The Christian way of life is grounded in our perception and witness of the risen Christ. Because we know the risen Christ, we are able to live in accordance with His life rather than in accordance with what seems obvious to others. This cannot be done in the same manner as an “obvious” life. We cannot weigh and measure, debate and decide. All of the normal criteria required for such a life are largely missing for the Christian.

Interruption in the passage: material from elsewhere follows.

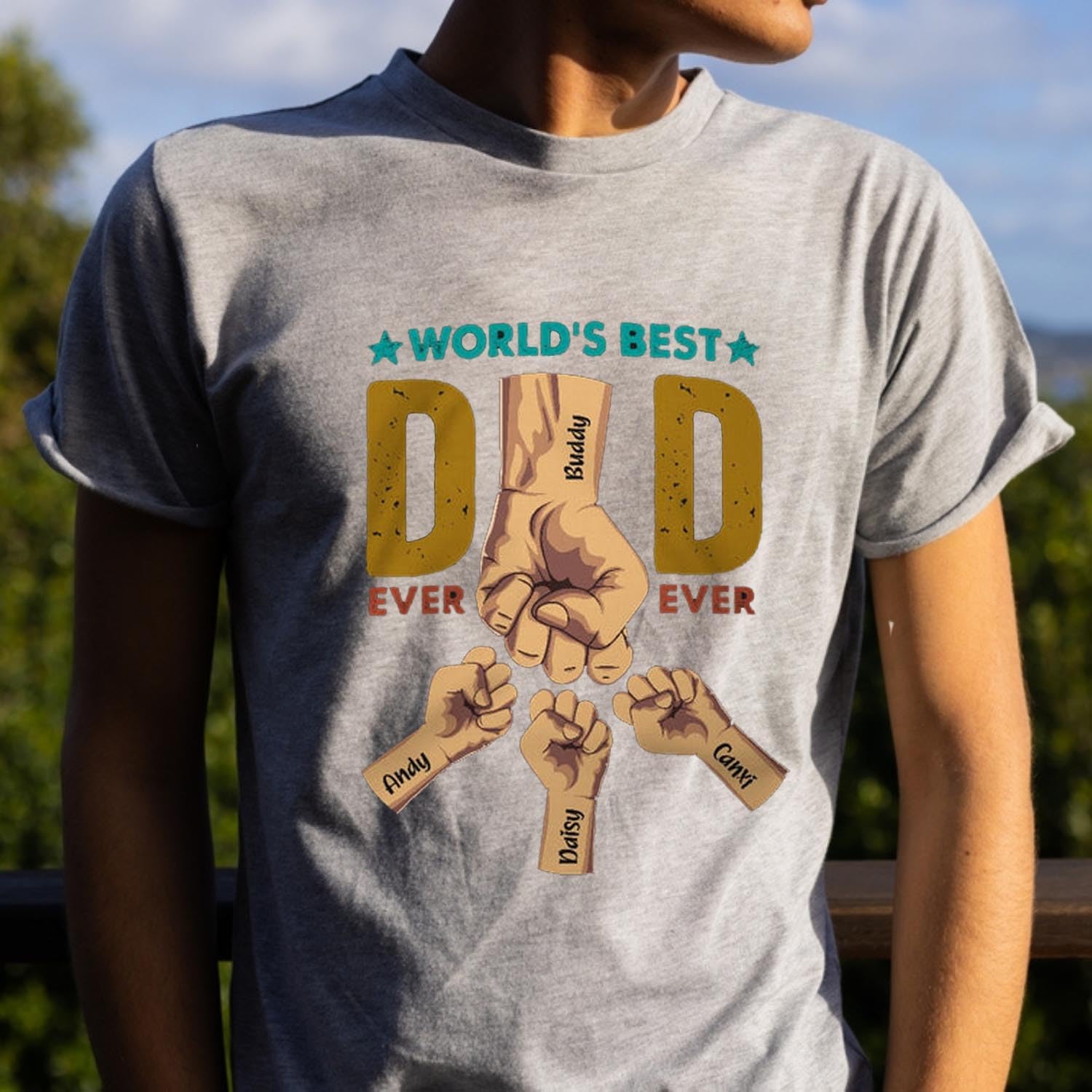 Personalized Dad Shirt, Custom Dad Grandkids Name Shirt, Birthday Christmas Fathers Day Dad Grandpa Gift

There are, of course, plenty of Christians who want to make Christianity an obvious thing, and they usually damage the gospel in the process.
Giussani, too, talks about signs:
Freedom is exercised in that playing field called sign.
Let us remember that the world demonstrates the existence of the ultimate quid, the ultimate something, the mystery, by means of the “sign.” The world “signals,” demonstrates God, in the way that a sign indicates what it represents. How does freedom play itself out within this field? The sign is an event to interpret and freedom is exercised in the interpretation of the sign. Interpretation is the technique of the game, and freedom operates within this technique.
Hey, I just realized that we’re talking about individuals again.
*Recognizing God is a matter of freedom.